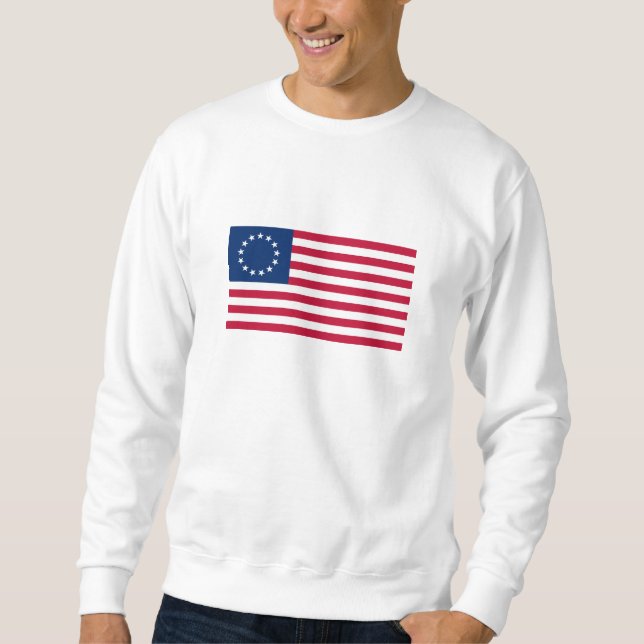 Betsy Ross amerikansk flagga Lång Ärmad Tröja (Framsida)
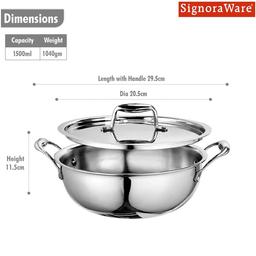SIGNORA WARE 1500Ml Artista Tri-Ply Non-Stick Deep Fry Kadhai 18Cm,Induction Compatible Cookware Kadai,Grade 304 Stainless Steel,Food Grade,Dishwasher Safe,5 Years Warranty Pot (Silver)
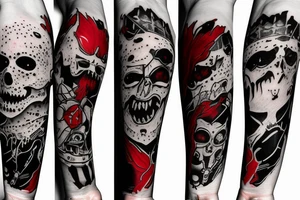 on arm, trash polka, black end red
no skulls tattoo idea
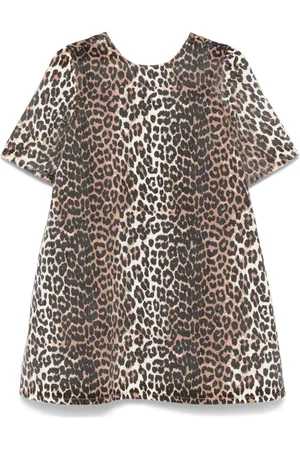 Ganni Kort kjole med leopardtryk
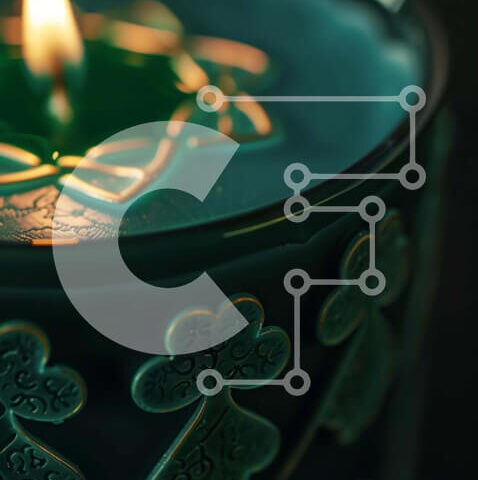 Intra Συλλεκτικό Ξύλινο Παζλ Plywood 4mm - Πράσινο κερί με φύλλα τριφυλλιού για την ημέρα του Αγίου Πατρικίου Σε Ξύλινο Κουτί - Διαστάσεις Puzzle: 10x10 cm – 25 κομμάτια - Image 1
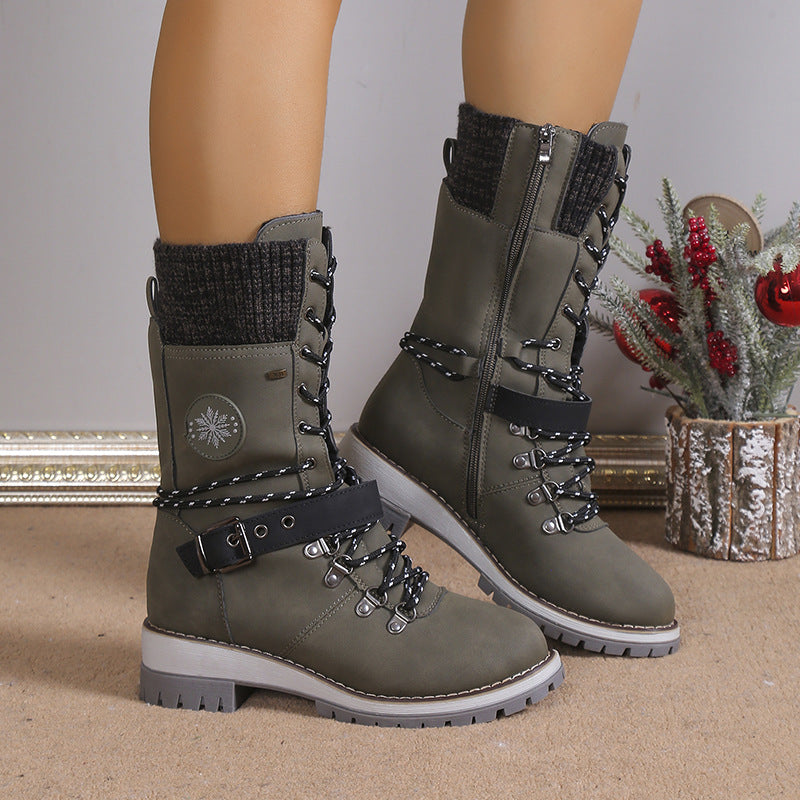 Bottes d'hiver pour femmes doublées de fourrure, chaudes, montantes, à lacets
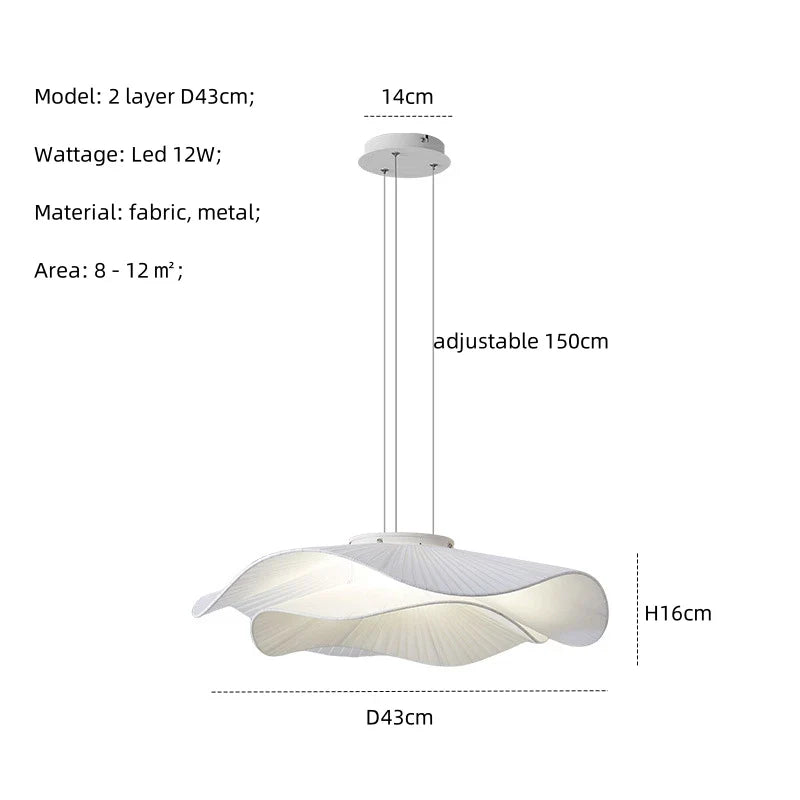 Afralia™ Nordic Fabric LED Ceiling Light Minimalist White Chandelier Home Decor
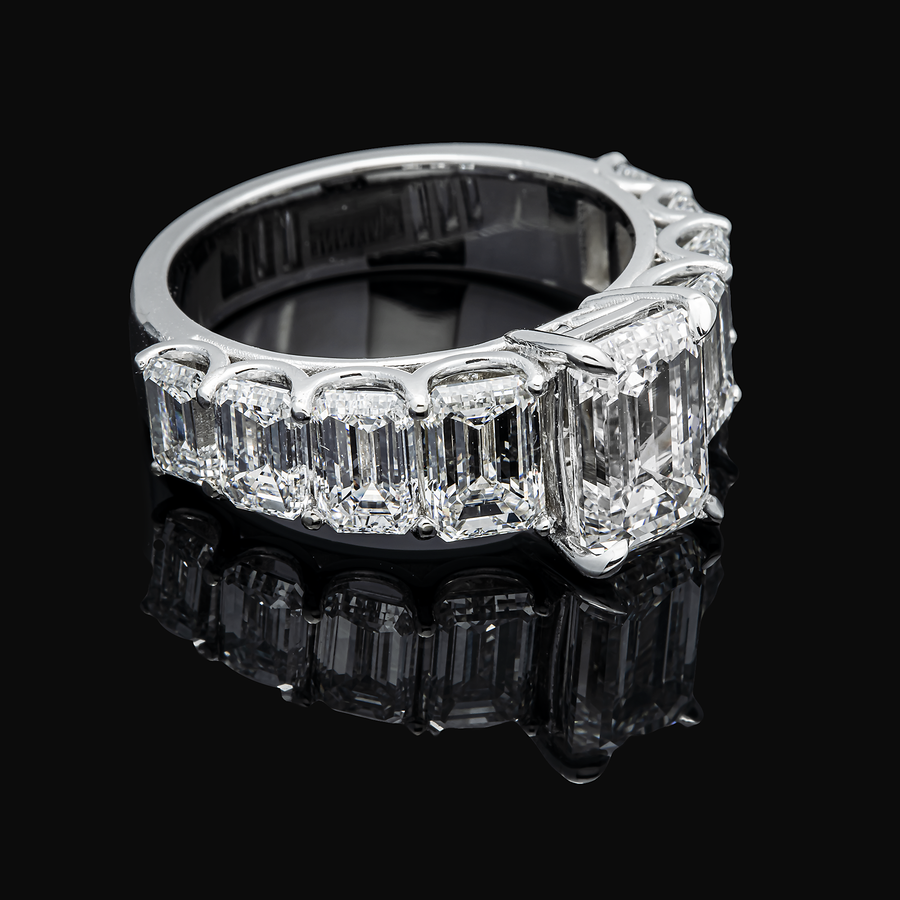 14K White Gold Emerald Cut Diamond Channel Set Engagement Ring 7.63 CTW VVS2 E-F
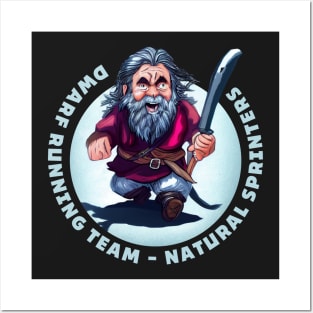 Dwarf Running Team - Natural Sprinters II - Dark - Fantasy Funny Running Posters and Art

☆ ☆ ☆ ☆ ☆ ☆ ☆

**EXERCISE AIM:**
I need the lines from the line containing "14K White Gold" through the final line of the listing duplicated exactly, both ends included, with no pictures and nothing else.

**RESULT:**
 14K White Gold Emerald Cut Diamond Channel Set Engagement Ring 7.63 CTW VVS2 E-F
 Dwarf Running Team - Natural Sprinters II - Dark - Fantasy Funny Running Posters and Art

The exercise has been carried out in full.